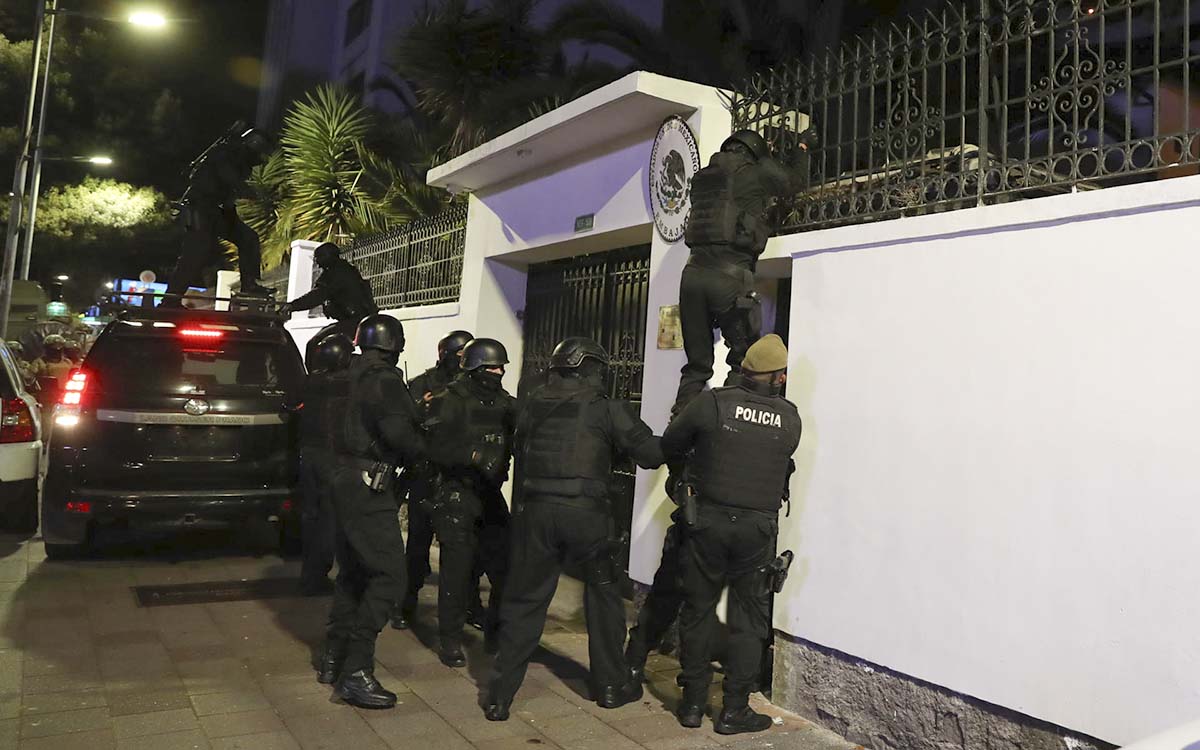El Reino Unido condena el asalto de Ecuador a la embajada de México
---*---
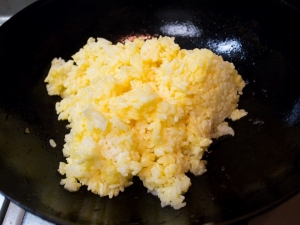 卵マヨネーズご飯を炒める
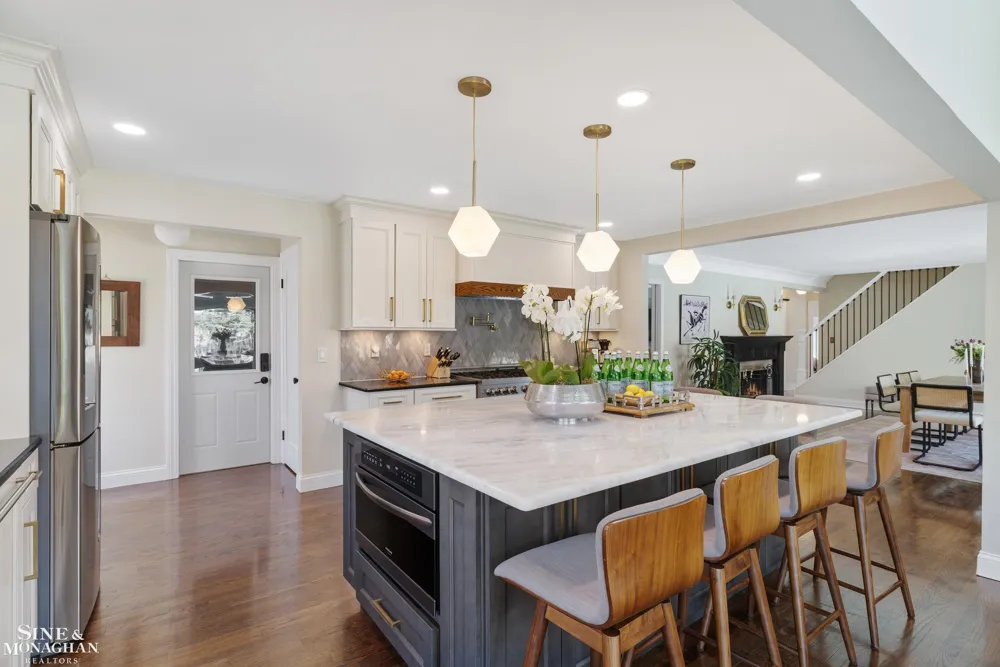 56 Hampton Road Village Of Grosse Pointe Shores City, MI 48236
---*---
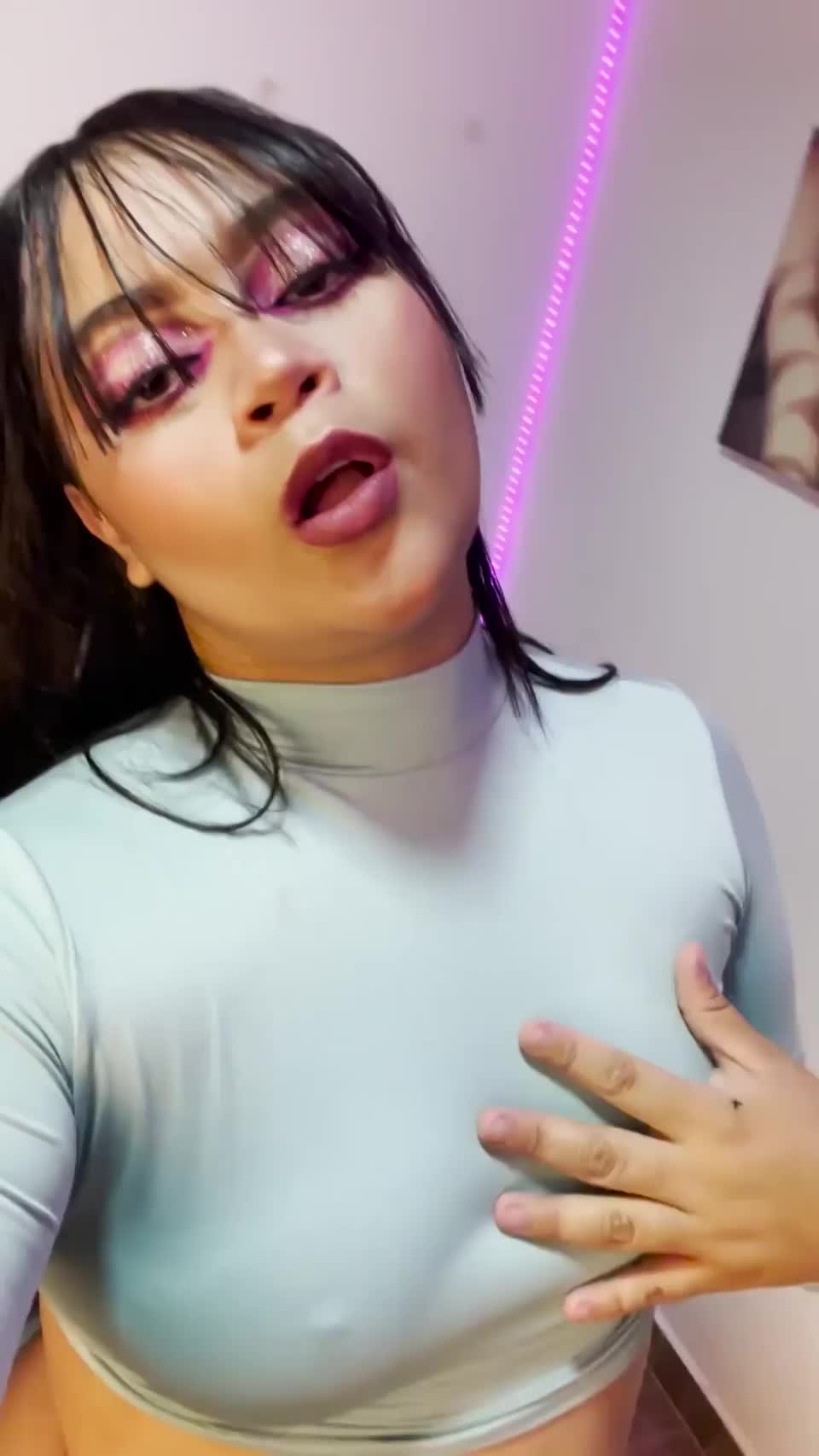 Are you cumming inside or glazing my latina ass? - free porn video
---*---
_Work to complete_
Would you copy, word for word, only the lines above from the one containing "卵マヨネーズご飯を炒める" through the one containing "56 Hampton Road", both included, and please leave out the pictures?

_Response box_
 卵マヨネーズご飯を炒める
 56 Hampton Road Village Of Grosse Pointe Shores City, MI 48236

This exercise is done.